The most relevant tax measures contained in the Draft relate to:
i. Reduced taxation of dividends for non-commercial entities
ii. Extension of the tax deduction regime for qualifying works to financial year (FY) 2021
iii. Tax benefits for selected business aggregations
iv. Withholding tax exemption on dividends and capital gains for European Union (EU)/European Economic Area (EEA) investment funds
v. Extension of Advance Pricing Agreements (APAs) rollback
Reduced taxation of dividends for non-commercial entities (Article 10)
The Draft proposes that starting from FY 2021, dividends will be excluded in the measure of 50% from the Italian corporate income tax (CIT) taxable base of non-commercial entities or Italian permanent establishments of foreign non-commercial entities (currently fully taxed on such dividends).
To qualify for this favorable tax regime, the non-commercial entities shall jointly meet the following requirements:
i. They shall exclusively or principally carry out one or more qualifying non-profit activities of general interest for civic, solidarity and social purposes – e.g., family and related values, crime prevention and public safety, scientific and technological research.
ii.
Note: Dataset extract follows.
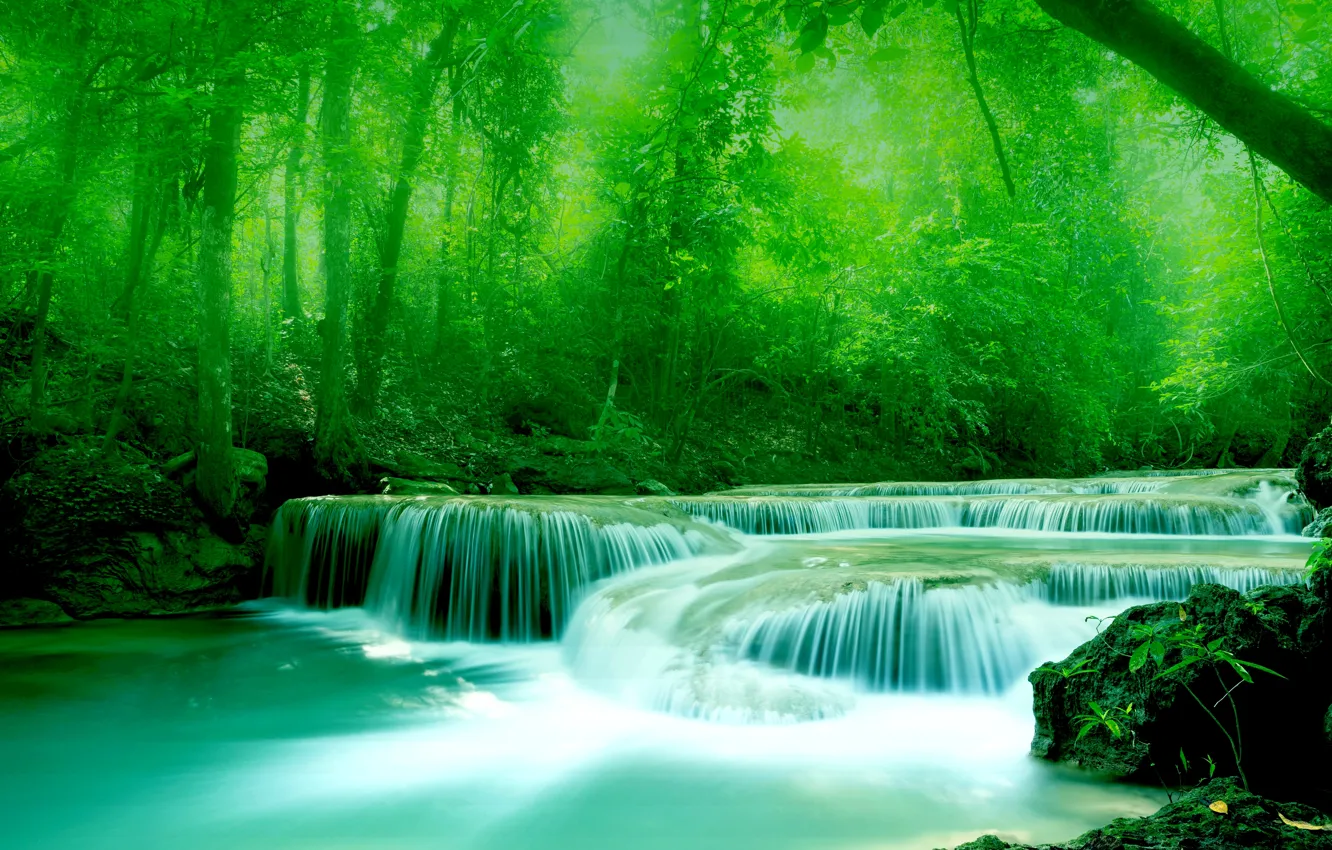 Photo wallpaper greens, water, trees, river, stones, foliage
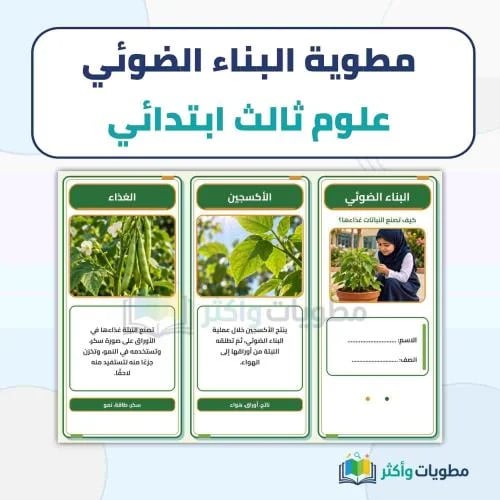 مطوية البناء الضوئي علوم ثالث ابتدائي PDF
They shall use the related tax savings to finance the mentioned general interest activities, allocating it in a non-distributable and indivisible reserve.
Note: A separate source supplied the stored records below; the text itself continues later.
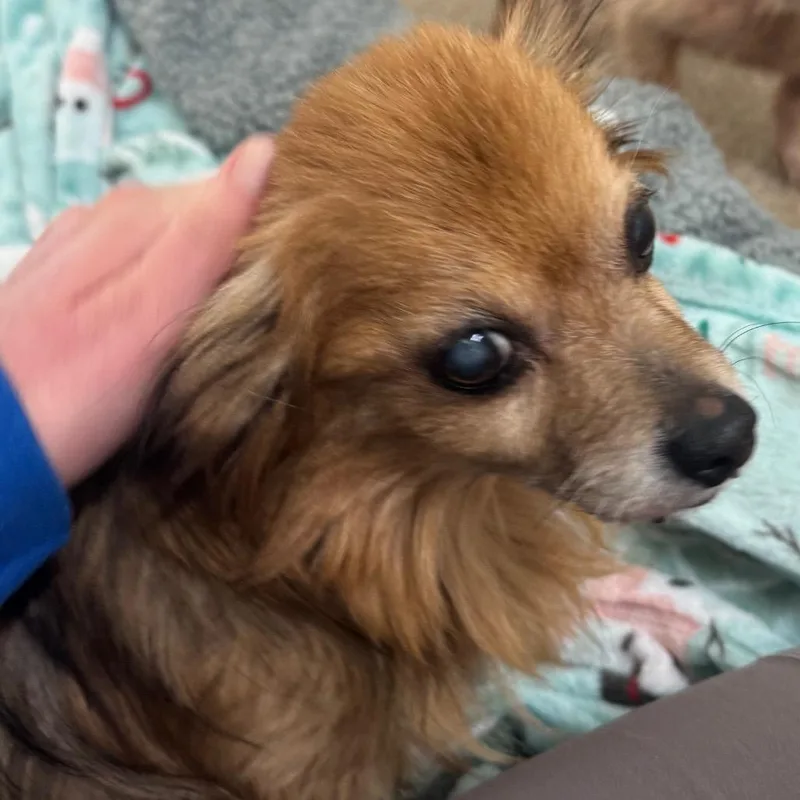 A senior small-sized female Brown / Chocolate Mixed Breed dog named Tinkerbell for adoption in Pekin, IL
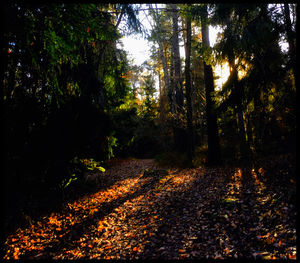 Trees in forest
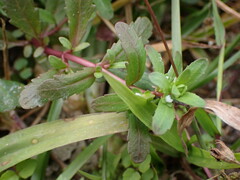 Veronica undulata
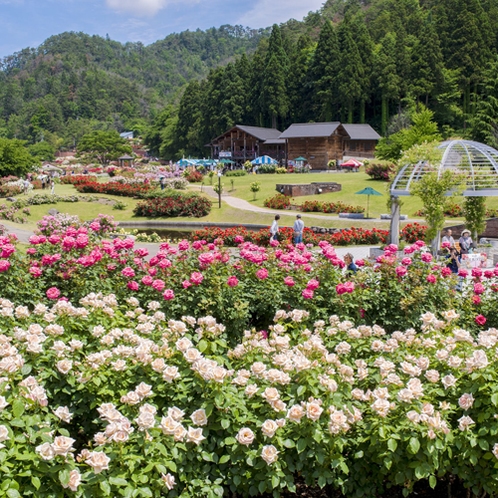 *東沢バラ公園／村山市。6月上旬から9月下旬が見頃！750品種、2万株のバラが咲き誇ります。
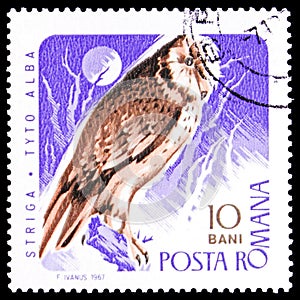 Postage stamp printed in Romania shows Western Barn Owl Tyto alba, Birds of Prey serie, circa 1967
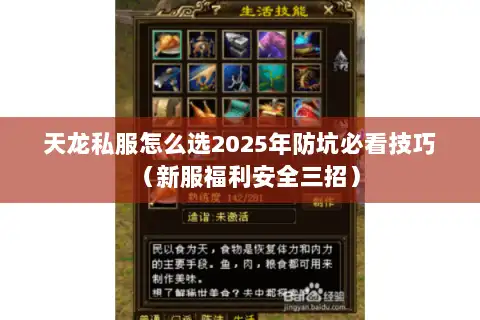 天龙私服怎么选2025年防坑必看技巧（新服福利安全三招）
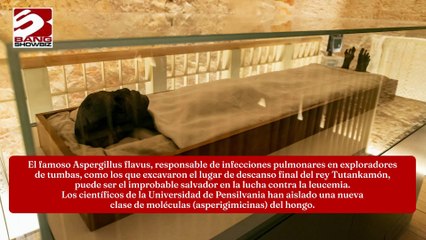 Un hongo de momia del antiguo Egipto podría ser nueva medicina contra el cáncer
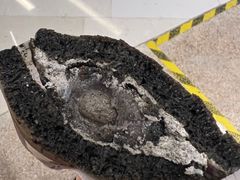 -泽田本家·铜锣烧(环贸店)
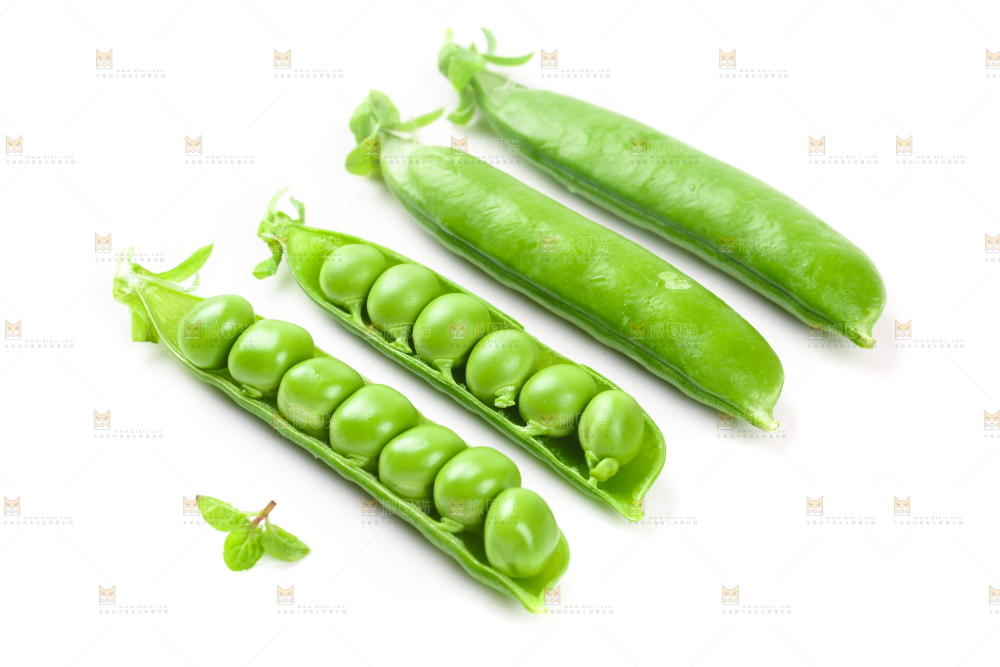 剥开的新鲜豌豆放在白底上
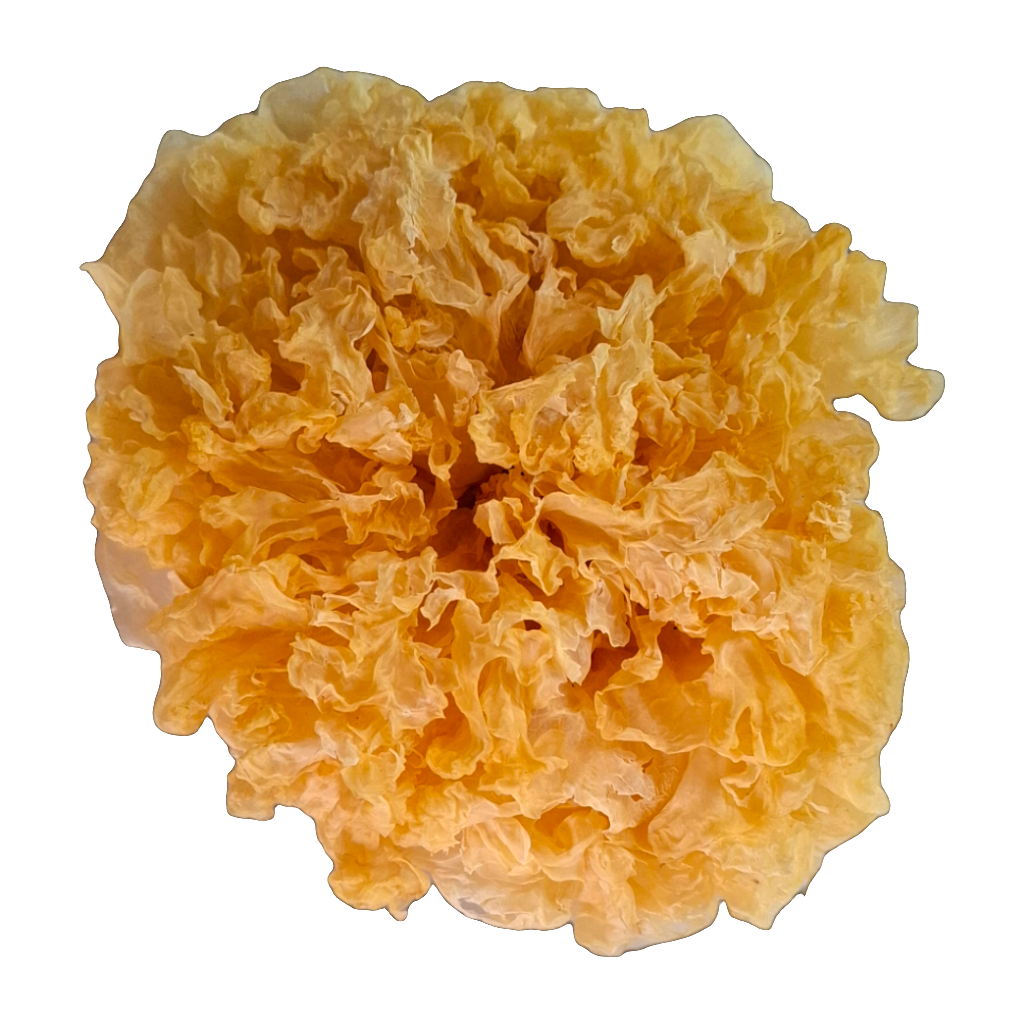 Tremella (whole dried)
However, such favorable tax regime would be denied with regards to dividends arising from low-tax jurisdictions under Italian tax law.
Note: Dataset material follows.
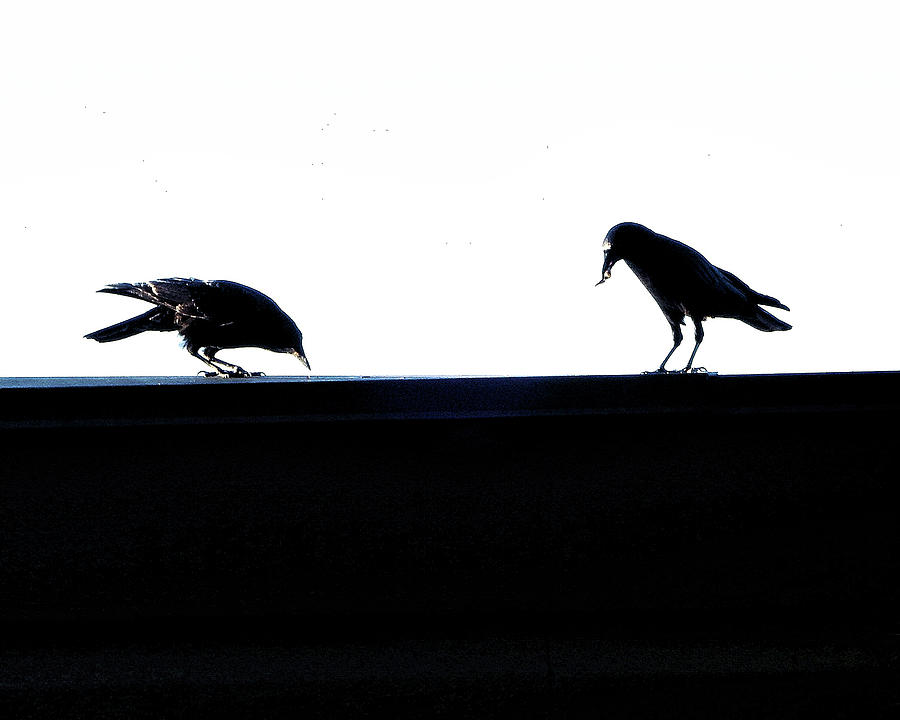 BW Roof Birds Photograph by Andrew Lawrence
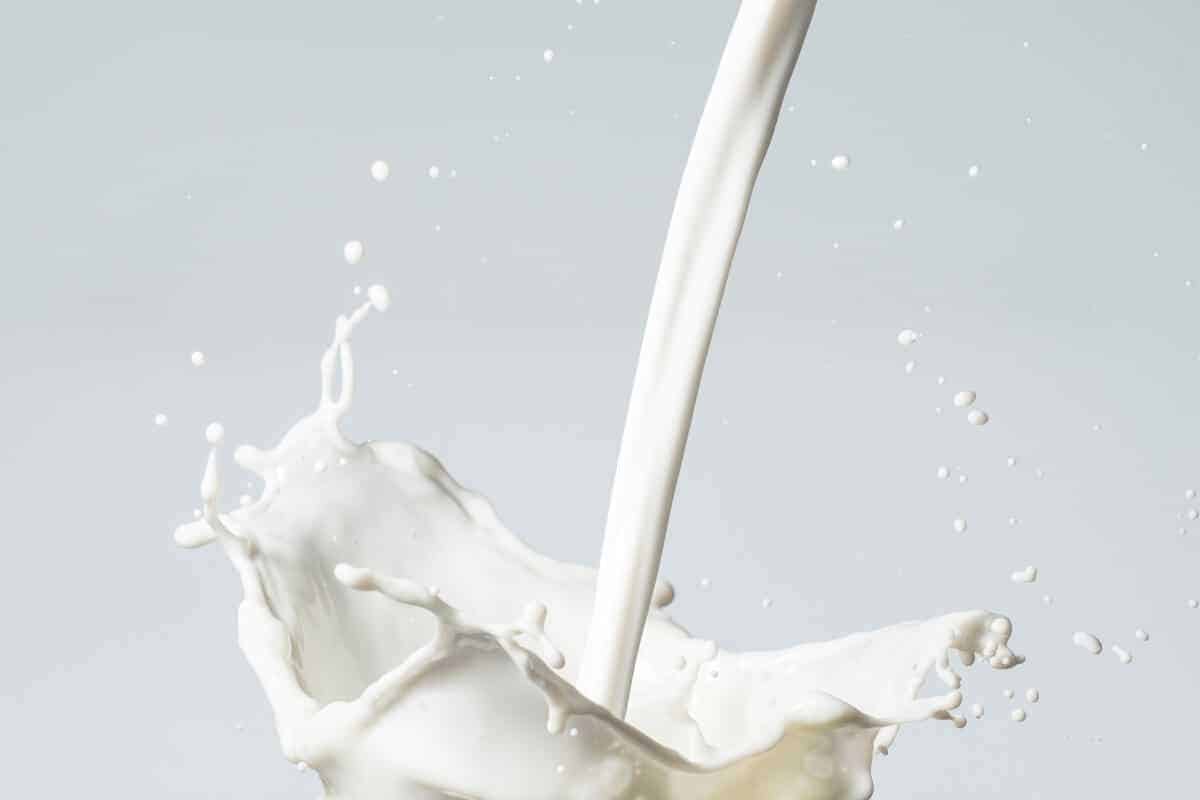Susu formula kambing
Extension to FY 2021 of the tax deduction regime for qualifying works (Article 12)
The Draft proposes the extension, to FY 2021, for benefitting from the tax deduction connected with expenses incurred for qualifying works including: (i) energy requalification works; (ii) building renovation works; (iii) purchase of furniture; (iv) purchase of large low-energy consumption appliances aimed at furnishing the renovated building; and (v) the recovery or restoration of the external facade of existing buildings.
Such amendments are in line with the provisions recently enacted by Italy with the “Relaunch Decree,”1 which introduced the possibility to convert, during 2020 and 2021, the tax deduction connected with expenses incurred for qualifying works (including some of those mentioned above) into either:
(a) A transferable tax credit
(b) A discount of the relevant cost applied by the service provider (in such case, the transferable tax credit is granted to the service provider)
Tax benefits for selected business aggregations (Article 39)
Specific tax benefits would be provided for selected business aggregations via mergers, de-mergers and business contribution implemented in 2021.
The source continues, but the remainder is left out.